## Data extracts
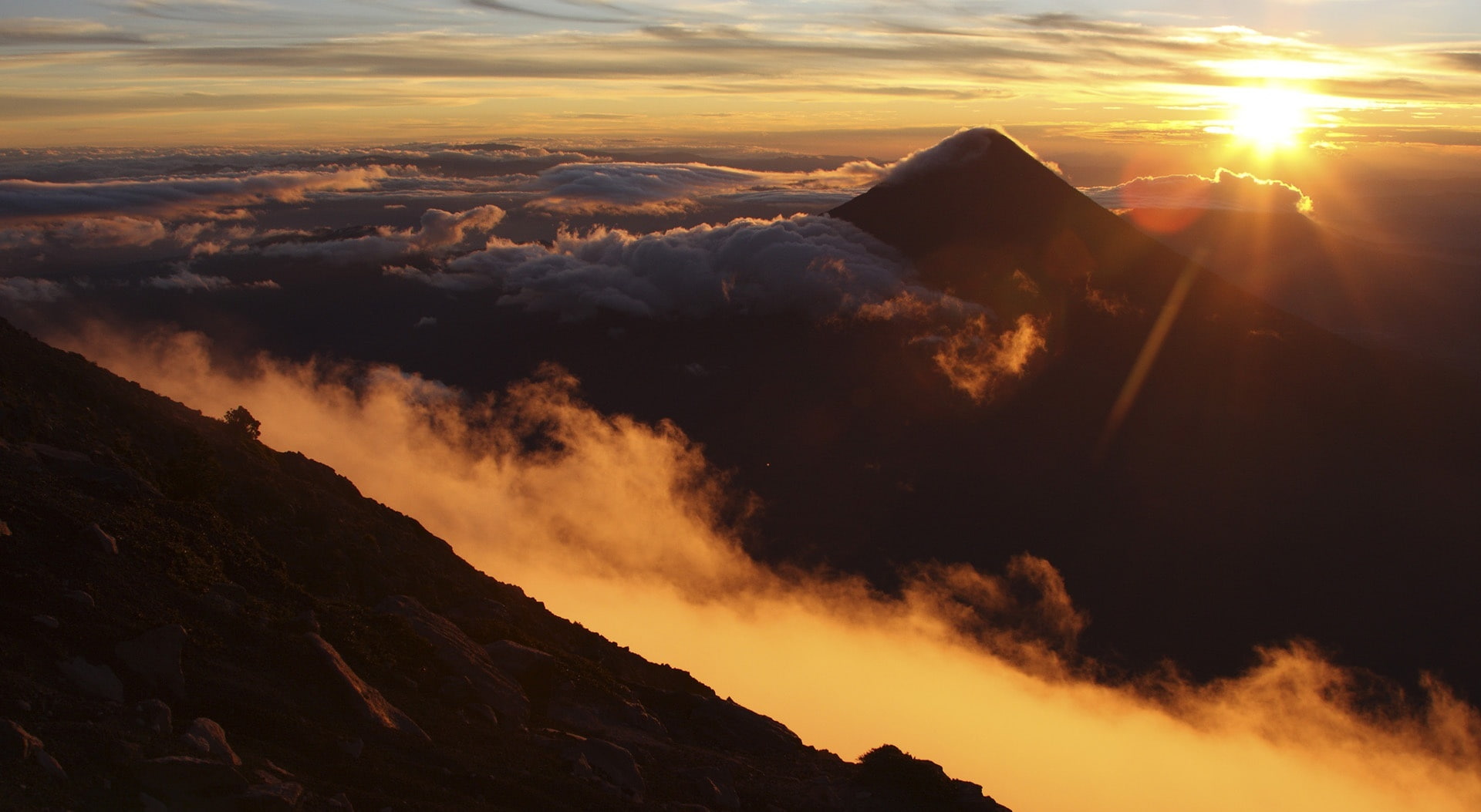 Mountains, environment, volcano, tranquility, cloud - sky, sunset, outdoors, mountain, Volcano, Nature, Over, no people, range, non-urban scene, idyllic, HD Wallpaper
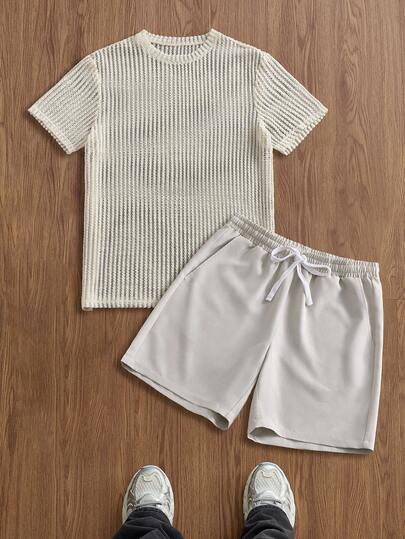 Manfinity Unisex 男士圆领短袖T恤和抽绳腰短裤休闲套装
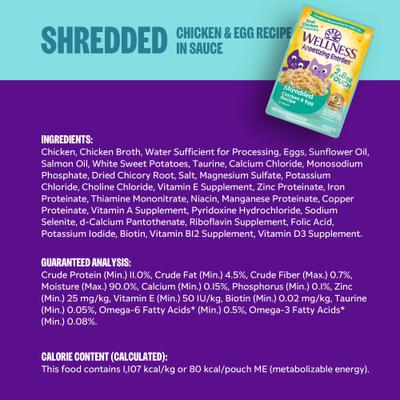 Appetizing Entrees Chicken & Egg Shredded Wet Cat Food, 2.8-oz pouch, case of 8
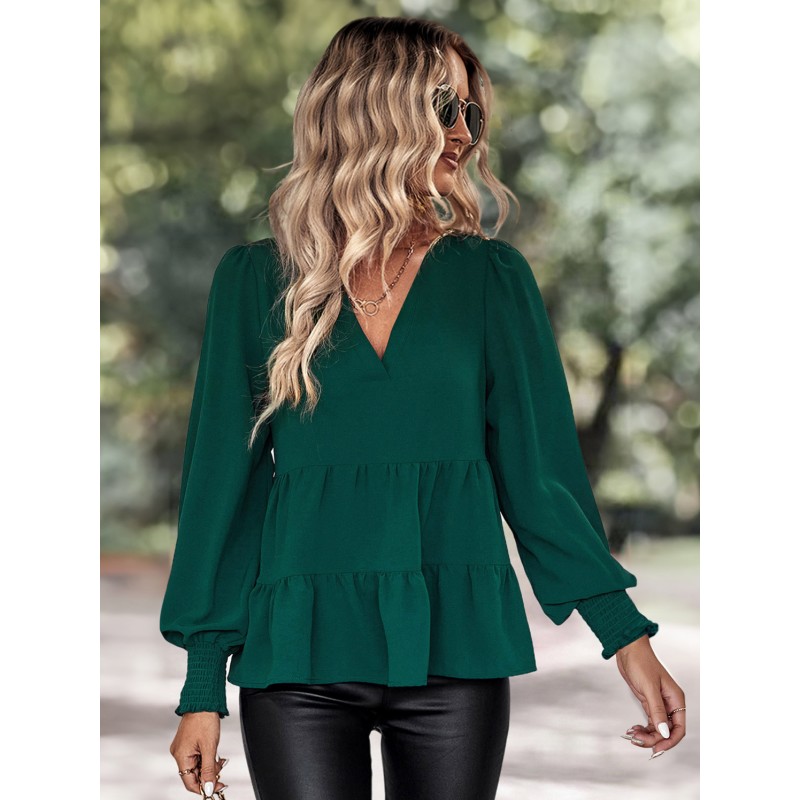 Long Sleeves Tees Dark Green Polyester Ruffles V-Neck Women T Shirt Elegant Casual Street Wear Daily Casual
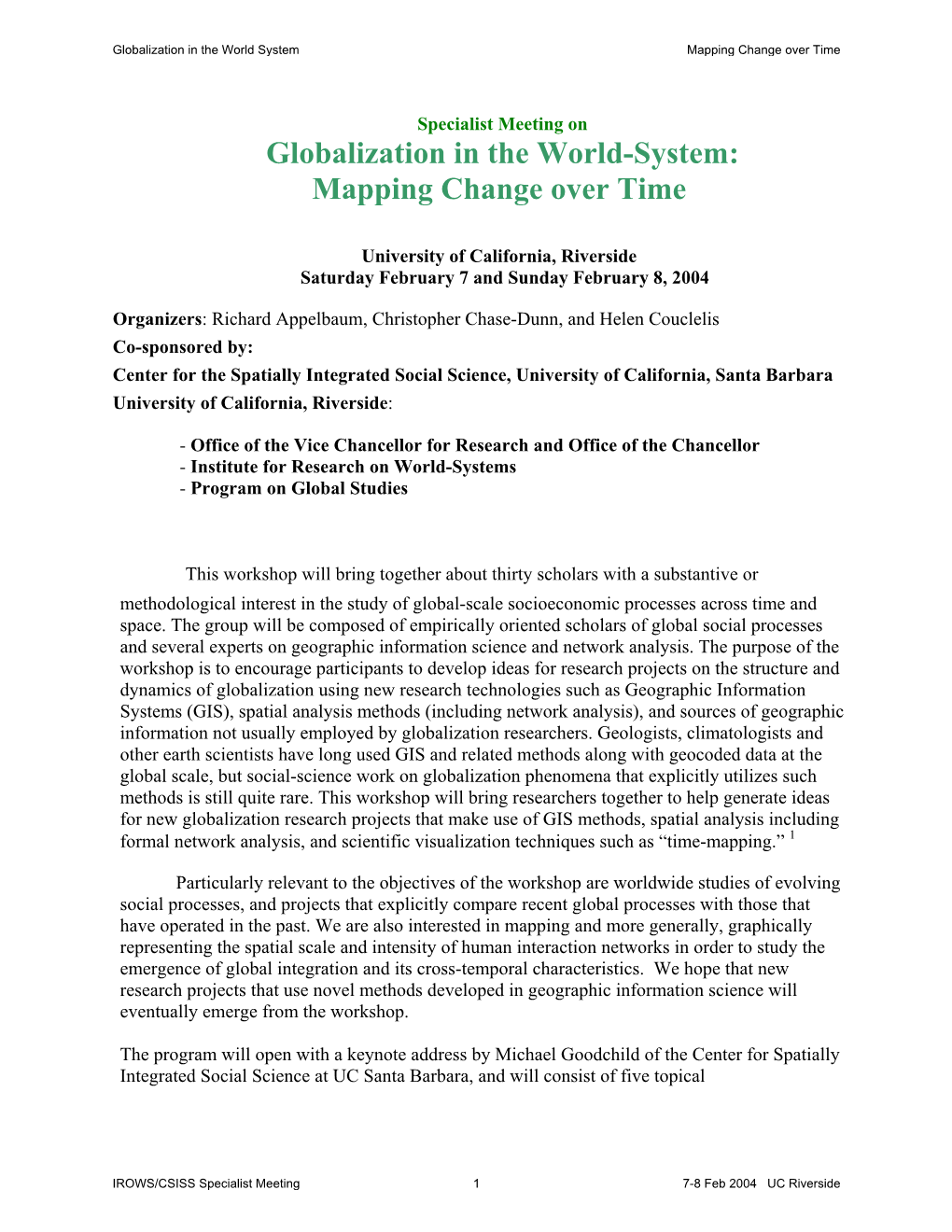 Globalization in the World-System: Mapping Change Over Time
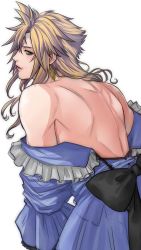 Rule 34 | 1boy, back bow, beckey9415, blonde hair, blue eyes, bow, cloud strife, crossdressing, dress, earrings, final fantasy, final fantasy vii, final fantasy vii remake, frilled dress, frills, highres, jewelry, lipstick, long hair, looking back, makeup, male focus, muscular, muscular male, official alternate costume, open clothes, purple dress, solo, spiked hair, square enix, upper body, wall market, wavy hair, white background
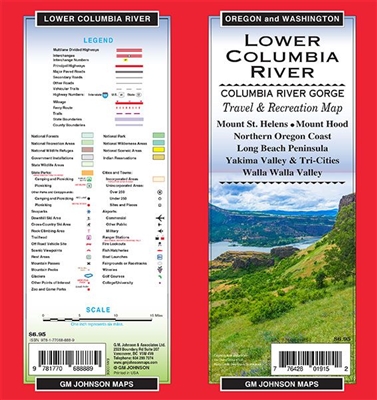 Lower Columbia River - Travel and Recreation Map covers Mount St. Helens, Mount Hood, Northern Oregon Coast, Long Beach Peninsula, Yakima Valley and Tri-Cities Walla Wall ValleyLower Columbia River - Travel and Recreation Map covers Mount St. Helens, Moun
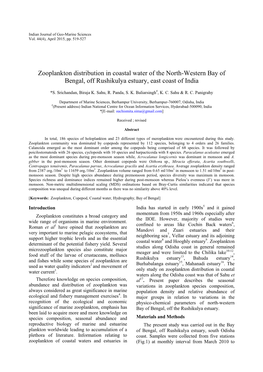 Zooplankton Distribution in Coastal Water of the North-Western Bay of Bengal, Off Rushikulya Estuary, East Coast of India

## Your goal
Could you output every entry exactly as written, skipping the pictures?

## Solution for this exercise
 Mountains, environment, volcano, tranquility, cloud - sky, sunset, outdoors, mountain, Volcano, Nature, Over, no people, range, non-urban scene, idyllic, HD Wallpaper
 Manfinity Unisex 男士圆领短袖T恤和抽绳腰短裤休闲套装
 Appetizing Entrees Chicken & Egg Shredded Wet Cat Food, 2.8-oz pouch, case of 8
 Long Sleeves Tees Dark Green Polyester Ruffles V-Neck Women T Shirt Elegant Casual Street Wear Daily Casual
 Globalization in the World-System: Mapping Change Over Time
 Rule 34 | 1boy, back bow, beckey9415, blonde hair, blue eyes, bow, cloud strife, crossdressing, dress, earrings, final fantasy, final fantasy vii, final fantasy vii remake, frilled dress, frills, highres, jewelry, lipstick, long hair, looking back, makeup, male focus, muscular, muscular male, official alternate costume, open clothes, purple dress, solo, spiked hair, square enix, upper body, wall market, wavy hair, white background
 Lower Columbia River - Travel and Recreation Map covers Mount St. Helens, Mount Hood, Northern Oregon Coast, Long Beach Peninsula, Yakima Valley and Tri-Cities Walla Wall ValleyLower Columbia River - Travel and Recreation Map covers Mount St. Helens, Moun
 Zooplankton Distribution in Coastal Water of the North-Western Bay of Bengal, Off Rushikulya Estuary, East Coast of India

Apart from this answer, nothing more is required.